Dalil ini bagi yang enggan
melakukan pengkajian tentu tidak akan pernah bisa menjawab
pertanyaan-pertanyaan orientalis atau kafir sekalipun terkait pensyari’atan
ini.
Mereka tentu akan sekedar
menjawab bahwa hal tersebut memang sudah ketentuan tanpa mampu memaparkan
filosofis bahkan hikmah apa yang terdapat dalam syari’ah yang agung ini.
Pengharaman zina ini tentu
mempunyai makna yang sangat luas. Zina diharamkan karena Islam menghendaki
kemashlahatan bagi umatnya.
Bisa dibayangkan jika zina
dilegalkan, bagaimana hancurnya umat ini. Yang dominan menjadi korbannya tentu
wanita.
Siapa yang akan bertanggungjawab
terhadap bayi yang dikandungnya,siapa yang melindungi mereka ketika cemoohan
datang dari masyarakat.
Kemudian juga tekanan mental
ketika ia hamil. Belum lagi aborsi menjamur, karena wanita yang tidak bermoral
akan rela membunuh janinnya demi alasan profesi.
Tentunya problem seperti ini
tidak akan pernah ada jika persoalan hubungan intim itu ada aturannya. Dengan
diharamkannya zina, lebih banyak nyawa yang akan terselamatkan.
Juga lebih banyak kemashlahatan
kepada umat tanpa menzholimi fitrah syahwati manusia. Inilah Islam, menjawab
setiap permasalahan umat dengan detail.
Pada kebutuhan primer ini
ternyata bukan zinanya saja yang diharamkan. Dikatakan bahwa sesuatu yang wajib
maka wajib pula penghubung (sesuatu yang menghantarkan kepada yang wajib)
kewajiban tersebut, mafhum mukhalafahnya adalah sarana yang menghantarkan
seseorang berzina haram pula dilakukan.
Oleh karenanya, kata yang
digunakan dalam pengharaman tersebut di atas bukanlah pada mengahramkan zina,
melainkan diharamkan mendekatinya.
Hal ini didukung pula oleh Q.S.
an-Nur 30-31 tentang pengharaman melihat aurat, serta pensyari’atan izin masuk
rumah yang terdapat dalam Q.S. an-Nur ayat 27.
Untuk kebutuhan sekunder, kami
belum menemukan dalil atau contoh lain yang tepat untuk dijadikan hujjah
mengapa begini/begitu?
Dengan demikian, maaf jika kami
meloncat karena tidak sesuai dengan bahasan sebelumnya.

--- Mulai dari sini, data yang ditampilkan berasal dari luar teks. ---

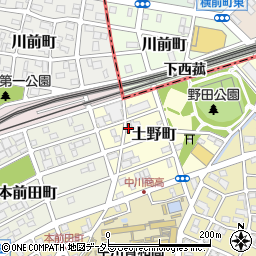 加賀家具店周辺の地図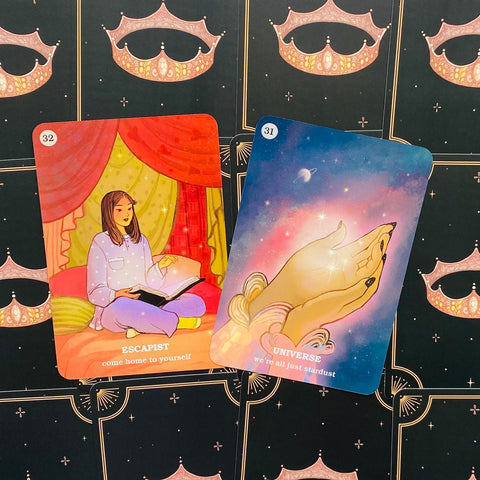 Believe in Your Own Magic Oracle Deck by Amanda Lovelace 45 Cards Set
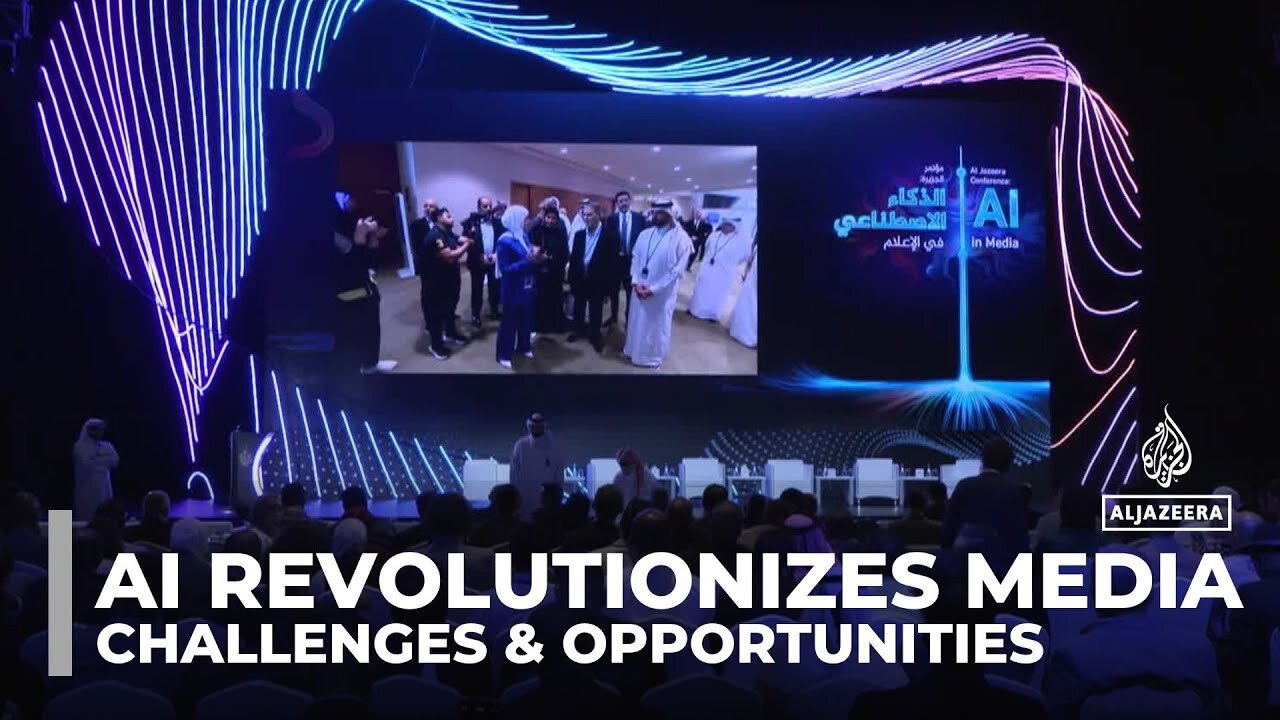 AI revolutionizes media: Experts highlight opportunities and challenges at Doha conference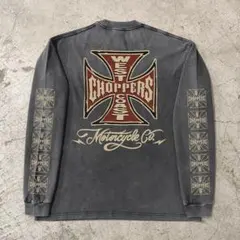 XL West Coast Choppers 長袖カットソー ブラック - メルカリ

Hal ini bisa disebut
bahwa pembahasan pada poin B ini tidak hierarkis.
Islam melarang wanita melakukan
sendiri akad nikahnya, hal ini tentu memiliki alasan dan hikmah tersendiri.
Tapi dalam hal ini, kami tidak dapat menemukan jawaban yang logis terkait
dengan hikmah dari pelarangan tersebut.
Ini jika dikaitkan dengan hadis
nabi yag menyebutkan bahwa wanita yang menikah tanpa wali, maka nikahnya akan
sia-sia. Kenapa demikian?
Tentunya inilah pengakuan
terhadap pentingnya pertanggungjawaban dari apa yang kita lakukan.
Pertanyaannya mampukah wanita mempertanngungjawabkan apa yang diucapkannya
ketika melakukan akad?
Sementara nikah itu adalah ikatan
yang bersifat selamanya. Sementara pria ketika melaksanakan akad, memang
dituntut pertanggungjawabannya terhadap orang yang dipinangnya.
Konsekuensi dari nikah adalah
memberi kebahagiaan bagi orang yang dinikahinya. Jika pertanggungjawabannnya
dilimpahkan kepada wanita, justru akan melahirkan problem yang lebih rumit.
Yakni posisi wanita sebagai orang
yang akan menjadi tanggungjawab suami, malah harus bertanggungjawab terhadap
suami. Meskipun dalam hal kewajiban terhadap suami, inilah bentuk
pertanggungjawaban istri.
Nah, kesemua ini jika kita teliti
dengan menggunakan penalaran istishlahy tentu akan menjawab
bahwa sesungguhnya dibalik syari’ah tentu ada hikmah.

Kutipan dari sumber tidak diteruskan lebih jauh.